The DMI on the daily chart shows both sides of the market are in a tight spot to control the pair. Both sides of the market are moving above the ADX line, making it likely that a breakout from this impasse could be violent.
BTC/USD Daily Chart
The BTC/USD pair is currently trading at the price level of $9083 while playing dangerously close to the long-term bearish channel ceiling support. Bitcoin has no room below the current level if you want to avoid the lower bearish scenario, with possible targets in the $4000 area. The presence of the 200-day simple moving average in the $8400 zone would provide support, but we don’t know if it would prevent a possible collapse of the price.
Above the current price, the first resistance level is at $9500, then the second at $10125 and the third one at $10400.
Below the current price, the first support level is at $8950, then the second at $8750 and the third one at $8360.

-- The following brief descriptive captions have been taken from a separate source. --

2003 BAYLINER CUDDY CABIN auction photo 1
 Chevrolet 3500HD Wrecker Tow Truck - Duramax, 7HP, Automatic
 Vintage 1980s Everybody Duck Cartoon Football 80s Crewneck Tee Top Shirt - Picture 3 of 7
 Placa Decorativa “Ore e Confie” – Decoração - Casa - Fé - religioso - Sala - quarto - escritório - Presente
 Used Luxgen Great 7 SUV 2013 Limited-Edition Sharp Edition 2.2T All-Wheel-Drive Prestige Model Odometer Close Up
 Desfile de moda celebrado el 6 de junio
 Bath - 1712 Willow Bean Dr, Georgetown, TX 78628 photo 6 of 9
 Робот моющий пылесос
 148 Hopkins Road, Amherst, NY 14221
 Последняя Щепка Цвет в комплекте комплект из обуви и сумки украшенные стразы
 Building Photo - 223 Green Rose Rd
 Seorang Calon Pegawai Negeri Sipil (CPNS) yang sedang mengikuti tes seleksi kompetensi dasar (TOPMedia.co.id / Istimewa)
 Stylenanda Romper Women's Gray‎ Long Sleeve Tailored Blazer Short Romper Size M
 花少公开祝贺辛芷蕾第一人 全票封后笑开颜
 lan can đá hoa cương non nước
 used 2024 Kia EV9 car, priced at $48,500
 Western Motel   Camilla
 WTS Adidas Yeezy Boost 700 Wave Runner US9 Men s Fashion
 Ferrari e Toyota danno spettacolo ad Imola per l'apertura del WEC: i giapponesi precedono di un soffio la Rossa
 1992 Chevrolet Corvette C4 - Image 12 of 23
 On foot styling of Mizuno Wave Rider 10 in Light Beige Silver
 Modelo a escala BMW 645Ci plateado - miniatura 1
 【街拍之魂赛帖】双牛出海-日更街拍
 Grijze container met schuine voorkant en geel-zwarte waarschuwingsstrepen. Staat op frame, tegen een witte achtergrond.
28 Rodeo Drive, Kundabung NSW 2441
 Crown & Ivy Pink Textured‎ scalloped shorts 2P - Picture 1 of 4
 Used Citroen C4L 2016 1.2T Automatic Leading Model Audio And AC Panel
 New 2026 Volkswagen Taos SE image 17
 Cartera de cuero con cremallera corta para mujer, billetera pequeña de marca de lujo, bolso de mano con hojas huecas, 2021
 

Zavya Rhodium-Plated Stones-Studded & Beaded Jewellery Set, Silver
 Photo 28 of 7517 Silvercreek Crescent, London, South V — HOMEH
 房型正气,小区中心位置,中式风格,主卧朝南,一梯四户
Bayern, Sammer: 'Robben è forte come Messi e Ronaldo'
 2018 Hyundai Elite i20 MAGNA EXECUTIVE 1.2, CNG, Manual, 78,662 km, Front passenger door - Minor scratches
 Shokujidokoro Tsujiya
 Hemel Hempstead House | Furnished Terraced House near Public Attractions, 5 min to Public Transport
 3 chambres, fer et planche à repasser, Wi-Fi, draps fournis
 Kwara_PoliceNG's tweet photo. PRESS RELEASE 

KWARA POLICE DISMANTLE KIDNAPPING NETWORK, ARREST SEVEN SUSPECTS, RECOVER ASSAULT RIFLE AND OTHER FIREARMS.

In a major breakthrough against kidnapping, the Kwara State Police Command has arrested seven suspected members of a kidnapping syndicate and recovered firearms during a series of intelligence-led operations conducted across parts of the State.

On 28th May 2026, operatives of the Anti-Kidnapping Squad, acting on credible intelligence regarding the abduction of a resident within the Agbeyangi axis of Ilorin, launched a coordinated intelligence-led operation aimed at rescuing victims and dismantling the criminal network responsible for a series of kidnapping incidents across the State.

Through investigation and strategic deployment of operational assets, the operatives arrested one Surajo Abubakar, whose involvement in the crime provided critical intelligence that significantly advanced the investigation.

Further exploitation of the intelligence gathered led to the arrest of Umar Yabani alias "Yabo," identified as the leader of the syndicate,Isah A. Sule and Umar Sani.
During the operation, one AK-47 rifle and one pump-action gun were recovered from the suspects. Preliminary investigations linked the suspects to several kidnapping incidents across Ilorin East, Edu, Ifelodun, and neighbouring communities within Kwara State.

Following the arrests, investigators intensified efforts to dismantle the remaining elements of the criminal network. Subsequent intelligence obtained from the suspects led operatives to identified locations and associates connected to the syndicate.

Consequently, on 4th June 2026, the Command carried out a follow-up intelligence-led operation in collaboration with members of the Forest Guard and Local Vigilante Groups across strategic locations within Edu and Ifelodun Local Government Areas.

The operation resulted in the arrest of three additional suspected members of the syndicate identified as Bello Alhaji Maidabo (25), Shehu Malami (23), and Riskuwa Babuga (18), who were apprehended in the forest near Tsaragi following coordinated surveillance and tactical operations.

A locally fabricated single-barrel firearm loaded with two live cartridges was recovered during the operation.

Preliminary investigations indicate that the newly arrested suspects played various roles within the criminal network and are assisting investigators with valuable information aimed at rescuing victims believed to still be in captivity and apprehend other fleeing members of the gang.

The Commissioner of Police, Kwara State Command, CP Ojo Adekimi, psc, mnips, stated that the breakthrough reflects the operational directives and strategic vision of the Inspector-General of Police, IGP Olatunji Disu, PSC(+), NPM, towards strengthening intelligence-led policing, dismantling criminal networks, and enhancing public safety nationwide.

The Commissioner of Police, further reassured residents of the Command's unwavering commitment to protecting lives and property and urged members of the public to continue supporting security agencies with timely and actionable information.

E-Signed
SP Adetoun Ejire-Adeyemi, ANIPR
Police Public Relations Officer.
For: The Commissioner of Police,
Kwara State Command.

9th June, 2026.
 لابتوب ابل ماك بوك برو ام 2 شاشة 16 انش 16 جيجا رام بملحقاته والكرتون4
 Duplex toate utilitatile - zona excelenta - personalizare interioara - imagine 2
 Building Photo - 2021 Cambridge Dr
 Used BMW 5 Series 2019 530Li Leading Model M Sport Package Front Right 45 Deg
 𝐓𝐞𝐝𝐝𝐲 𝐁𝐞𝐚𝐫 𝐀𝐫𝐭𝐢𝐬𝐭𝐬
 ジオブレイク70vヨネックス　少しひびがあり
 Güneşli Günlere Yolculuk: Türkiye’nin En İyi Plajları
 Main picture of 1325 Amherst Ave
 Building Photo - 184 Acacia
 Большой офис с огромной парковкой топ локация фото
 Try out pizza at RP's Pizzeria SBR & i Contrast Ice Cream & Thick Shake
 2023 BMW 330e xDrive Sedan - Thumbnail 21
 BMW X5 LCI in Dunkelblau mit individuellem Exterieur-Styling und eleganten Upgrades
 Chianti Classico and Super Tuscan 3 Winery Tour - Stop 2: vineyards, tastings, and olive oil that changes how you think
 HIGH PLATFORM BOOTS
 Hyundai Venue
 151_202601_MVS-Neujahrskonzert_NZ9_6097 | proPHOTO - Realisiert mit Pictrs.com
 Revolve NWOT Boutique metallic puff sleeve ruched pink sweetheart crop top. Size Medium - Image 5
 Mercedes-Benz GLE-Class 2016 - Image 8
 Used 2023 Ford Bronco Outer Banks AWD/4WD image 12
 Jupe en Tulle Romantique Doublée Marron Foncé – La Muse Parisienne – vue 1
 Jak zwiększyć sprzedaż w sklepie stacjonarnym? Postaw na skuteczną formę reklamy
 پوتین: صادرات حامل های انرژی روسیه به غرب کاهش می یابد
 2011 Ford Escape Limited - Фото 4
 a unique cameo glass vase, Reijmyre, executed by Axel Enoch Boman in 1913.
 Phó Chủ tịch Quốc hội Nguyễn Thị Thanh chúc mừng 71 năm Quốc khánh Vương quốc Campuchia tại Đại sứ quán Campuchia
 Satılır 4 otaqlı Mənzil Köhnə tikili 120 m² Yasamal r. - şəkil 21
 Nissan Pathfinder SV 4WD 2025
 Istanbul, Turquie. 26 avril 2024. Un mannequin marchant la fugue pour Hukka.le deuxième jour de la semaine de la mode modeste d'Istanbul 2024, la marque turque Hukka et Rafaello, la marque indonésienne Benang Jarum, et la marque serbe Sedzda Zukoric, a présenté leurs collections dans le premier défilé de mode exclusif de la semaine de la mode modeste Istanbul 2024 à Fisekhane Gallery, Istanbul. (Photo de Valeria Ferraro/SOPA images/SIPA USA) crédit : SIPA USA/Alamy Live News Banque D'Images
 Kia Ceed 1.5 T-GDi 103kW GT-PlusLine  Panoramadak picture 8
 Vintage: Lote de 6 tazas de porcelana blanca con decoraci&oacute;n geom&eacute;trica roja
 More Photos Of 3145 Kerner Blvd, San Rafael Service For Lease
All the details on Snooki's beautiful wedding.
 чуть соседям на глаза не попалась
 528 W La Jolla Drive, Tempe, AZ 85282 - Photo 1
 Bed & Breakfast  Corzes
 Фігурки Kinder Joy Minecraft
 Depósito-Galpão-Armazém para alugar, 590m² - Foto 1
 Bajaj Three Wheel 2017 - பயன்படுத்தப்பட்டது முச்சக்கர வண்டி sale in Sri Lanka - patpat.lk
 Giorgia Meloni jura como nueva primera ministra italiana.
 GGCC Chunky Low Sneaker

The DMI on the daily chart shows bears losing strength even though a bullish uptick does not match this. The buying side does not seem willing to take the lead in this pair.
ETH/USD Daily Chart
The ETH/USD pair is currently trading at $222.39 and is back in the lower half of its range. Below the current levels, the target is at the $200 level.
Above the current price, the first resistance level is at $235, then the second at $248 and the third one at $265.
Below the current price, the first support level is at $220, then the second at $200 and the third one at $190.
The MACD on the daily chart continues to cross downward as it reaches the zero level of the indicator. The ETH/USD pair now has a good chance of turning higher again, but if it fails to do so, we can expect a visit to the $200 level or lower.
The DMI on the daily chart shows the bearish momentum, although the bulls are not a danger given their high level of disinterest in disputing the ETH/USD pair.
XRP/USD Daily Chart
The XRP/USD pair is currently trading at $0.1759 and consolidates the new bearish scenario it entered early last week. The Ripple is technically in a very fragile situation, lacking support and without any expectations of improvement.
Above the current price, the first resistance level is at $0.185, then the second at $0.192 and the third one at $0.202.
Below the current price, the first support level is at $0.164, then the second at $0.14 and the third one at $0.113.
Below the current price, the first support level is at $0.164, then the second at $0.14 and the third at $0.113. The MACD on the daily chart is deepening the bearish zone of the indicator. It is also increasing both the slope and the opening between the lines. The most likely development is bearish.
The DMI on the daily chart shows bears maintaining their upward trend, while bulls remain at low levels and have no apparent intention of changing this scenario.